Audiovisual Transcription

Audiovisual transcription is the production of a document created by typing (or writing) everything that is heard from either an audio or video. The transcript can be an exact word for word document, or the transcriber can clean up certain parts of the speech. They do this by removing things like ‘ehh’, ‘ooh’, ‘aah’, ‘mmh’, … that are heard but are not necessary in the document. Transcription aims to provide a solid starting point for your subtitling and dubbing. The resulting texts can also be reused to improve accessibility of your content, such as for deaf viewers, who’ll be able to read a perfect transcription of your video.


There is more than one way to transcribe audio or video content and a variety of reasons why you might want a transcription document. There are many reasons an audiovisual transcript may be needed:

  • Transcribing audio content for the deaf or hard of hearing.

Being a brand that offers accessibility alternatives to those with hearing impairments not only enhances corporate social responsibility and improves the brand image but has the potential to open up services to a whole new audience.

  • Transcribing audio for subtitles or closed captions.

To create subtitles or closed captions you need a full transcription document from the video. We’ll then use the transcript to add time-code markers that will reference what is being said at concrete times in the video. This means that the subtitles or closed captions will appear on screen at the exact time it’s supposed to.

  • Transcribing audio for voice over.

We transcribe the speech when the final voice over needs to be time-synced to a video. This means the timing of the voice over speech will match up with specific timings in the video and therefore be in synchronization with what is happening on screen. This is a common requirement when translating the voice over in corporate videos or explainers.

  • Transcribing for translation purposes.

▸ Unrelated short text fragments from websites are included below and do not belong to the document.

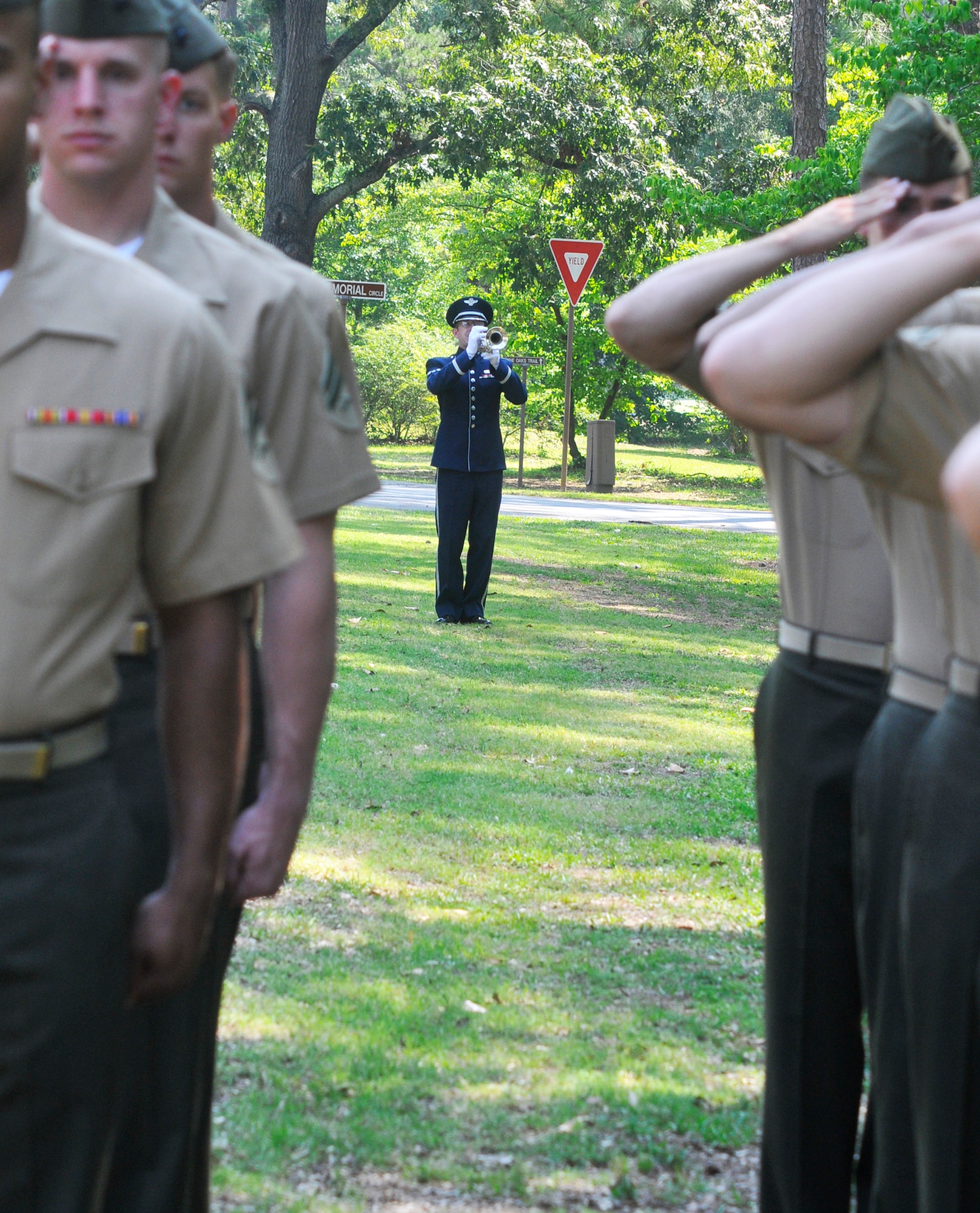 Airman 1st Class Mark Oates plays Taps during the Camellia Garden Memorial Service Thursday. (U. S. Air Force photo by Sue Sapp)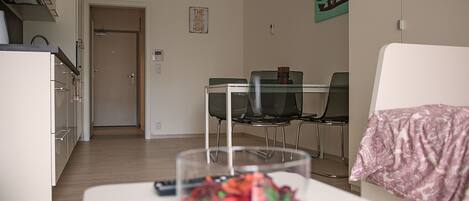 Uma sala de estar moderna com uma mesa de centro de vidro, um sofá branco e uma área de jantar com mesa e cadeiras.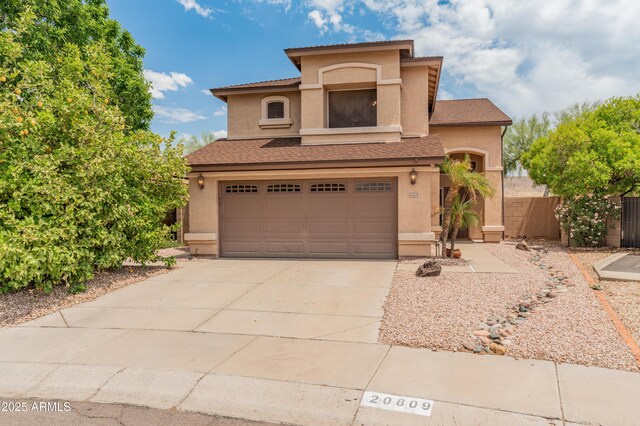 20809 N 1st Ave, Phoenix, AZ 85027 - view of front of house with stucco siding, an attached garage, concrete driveway, and fence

The first step of translation is always transcribing. Once we have the time codes in place for subtitle or voice over use, we can then use that same transcription document to create as many different foreign language versions as required. The time code stamps will stay the same in every language and will mark where each section of speech starts and ends. This is important as the translator may have to condense the translation to fit in with the voice over or subtitle timings so that they still match up with what’s on screen.